After reading a not particularly interesting New York Times article about the Bradley Effect I decided to take another look at an older FiveThirtyEight article covering the same subject and using democratic primary data to come to the conclusion that the Bradley Effect may now actually be the Yeldarb Effect. The FiveThirtyEight article uses data from "31 states in which at least three separate polls were released within 14 days of that state's primary or caucus" comparing the final Pollster.com trend line to the actual voting data. They conclude (well, the numbers conclude) that Obama outperformed the trend line by an average of 3.3 points.
Since it's a beautiful windy day outside I decided to sit at my computer and further manipulate the data and I found a couple things that probably don't mean much, but I think are interesting nonetheless. PPB = percent of state's population (or average of percentages for that a specific category) that is black from 2006 Census. All variance numbers are the number by which Obama outperformed the Pollster.com trend line.
PPB Variance
19.9+ 11.2
10-19.8 1.19
0 - 9.9 0.5
Now the confounding issue with the above little table is that out of the 7 states with a PPB of 19.9% or more, 4 have open primaries (i.e., any party affiliation can vote at any primary). And if we look at this little table:
Primary Type Variance PPB
open 8.27 17.8
closed 2.01 10.6
closed/semi 0.68 10.6
We see that the open primaries (10 states) in general had a much higher favorable Obama variance than the closed (10 states) or closed/semi (semi-open/semi-closed – 30 states) primaries. But at the same time, we have the confounding issue of the states with open primaries, on average, having a much larger PPB.
I like just looking at the numbers best: numbers are nice and clean and simple. But if you want to try and actually interpret the numbers things can get a bit hairy:
Why is the +Obama variance so high in states with high PPB?
Pollsters are not reaching enough black voters...
The open primary effect is skewing the results...
Black-voters are turning out in unexpectedly high numbers...
Black voters in these states lie to pollsters about voting for the black candidate...
White voters in these states lie to pollsters about voting for the white candidate...

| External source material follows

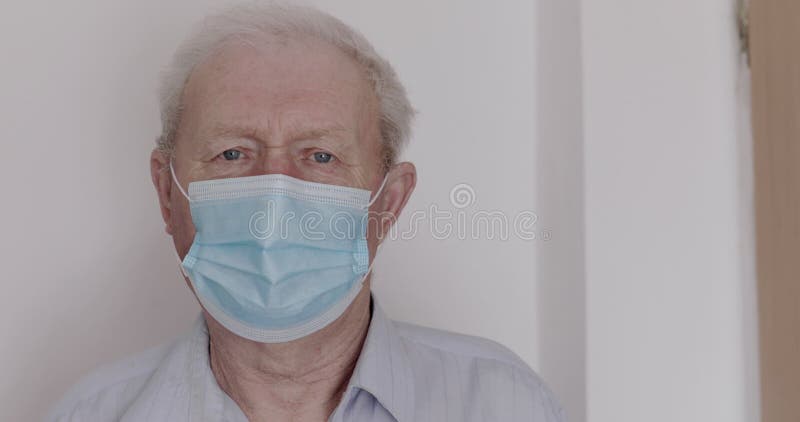 Portret van bedachtzame grootvader in masker op gezicht, die helaas naar camera kijkt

Why is the +Obama variance so high in states with open primaries?
Same reasons as above...
Republican meddling...
Unsure republicans having a preference for Obama...
Unsure republicans having a dislike for Clinton...
What effect did having a female running mate have on the Bradley/Yeldarb Effect?
And finally, what does any of this mean for 11/4? Will we actually see a Bradley Effect in the general once more republicans are thrown into the fray? Or will we simply see a continuation of the democratic primary patterns? What effect will voter intimidation/suppression/confusion have on the effects that may already be effecting things? So many questions. So many permutations. And really, who the hell knows.
Misc notes: I used 19.9 to start the highest PPB category because Virginia was at the cusp with 19.9 as of 2006 and I decided to drawing the line at 19.9 is about as meaningful as drawing it at 20. I did not use Iowa in any "Primary Type" data because I'm not really sure were it belongs. I did use the other 30 states that FiveThirtyEight had data for.